— …В совершенстве они ограничены, несмотря на быстроту и глубину разумения, не всеведущи…
— О чем ты? — выдавил из себя Денис, не поворачивая головы.
— …Несмотря на чистоту и святость, они могут подвергаться искушениям. Они сотворены свободными, а потому могли свободно устоять в добре, как святые ангелы, и пасть, как злые духи…
— Ты меня так не любишь? Ты считаешь меня злым духом? — спросил Денис, и его плечи вдруг затряслись. — Ты меня не любишь… — повторил он с отчаянием.
Он плакал, и слезы лились у него по лицу, словно сверху брызнул дождик. Машина ехала теперь какими-то зигзагами — наверное, Денис сквозь слезы не очень хорошо различал дорогу.
Он все плакал и никак не мог успокоиться. И от того только заводился еще больше. А впереди был мост.
Сразу, как только я заметила его издалека, этот старый бетонный мост из социалистического прошлого, мои мрачные предчувствия усилились. Мне стало так страшно, так тоскливо… Я уронила руку на колено и пальцами задела ручку двери.
— Мост… — тихо сказала я.
Огромные серые столбы, и узкий проезд между ними. То есть проезд, конечно, был не таким уж узким, но на такой скорости да при неровности дороги мы могли его и не проскочить.
— Вот бы умереть сейчас вместе… — всхлипывая и дрожа, пробормотал Денис. — Вот если бы мы умерли сейчас вместе! Знаешь, у меня ведь мелькала тогда эта мысль — когда я думал, что ты мертва. Я вполне серьезно хотел наложить на себя руки.
Я ничего не могла сказать ему в ответ, меня трясло от ужаса.
— Ну почему, почему ты меня не любишь? — опять закричал он. — Хотя бы солги!
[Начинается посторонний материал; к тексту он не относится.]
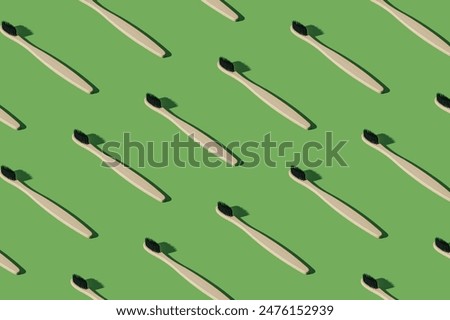 Organic bamboo toothbrush pattern composition on green background. Minimal dental concept. Creative eco friendly, biodegradable and natural wooden toothbrush pattern background idea.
— Лю… — начала я. Широкий бетонный столб был совсем близко, и машина неслась прямо на него. Расстояние стремительно сокращалось, но Денис как будто не замечал ничего. «Мамочка…» — пронеслось у меня в голове, и я медленно потянула ручку на себя.
Мост стремительно приближался, и я видела серую выщербленную поверхность столбов с вкраплениями слюды или кварца — впрочем, эти серебристые, блестящие чешуйки могли называться как-то по-другому…
И вот они уже совсем близко.
Это было всего лишь мгновение, но оно растянулось на целую вечность. Словно в замедленной съемке, раздался удар, и я почувствовала, что лечу по воздуху, по темному длинному коридору, в конце которого был виден свет.
А потом свет исчез, и я почувствовала вокруг себя ледяную черную воду, в которой невозможно было дышать. Странное свойство человеческого мозга — он в самые экстремальные ситуации вдруг начинает работать автономно и показывает неожиданные картинки, которые никак не связаны с происходящими событиями.
…Лето, пруд, кувшинки на воде, алмазные брызги. Безудержное счастье, от которого хочется смеяться и плакать. Со мной это было или с кем-то другим? Я сейчас ничего не боялась. Впрочем, нет… единственное, что вызывало у меня страх, — это огромная черная рыба, которая могла выплыть из сумрака глубины и проглотить меня. Наверное, страх перед неведомой рыбой вытолкнул меня на поверхность, а иначе я так и осталась бы там, среди счастливых видений, среди кувшинок и алмазных брызг.
Задыхаясь, оглушенная, я вынырнула на поверхность и обнаружила, что нахожусь под мостом, посреди черной холодной реки. Что-то горело там, на берегу, недалеко от бетонного столба.
Хорошо, что на мне не было лишней одежды, а туфли, наверное, слетели сразу — и я лихорадочно, по-собачьи поплыла к берегу.
Я жива… Нет, наверное, мне это кажется! Или я на самом деле жива?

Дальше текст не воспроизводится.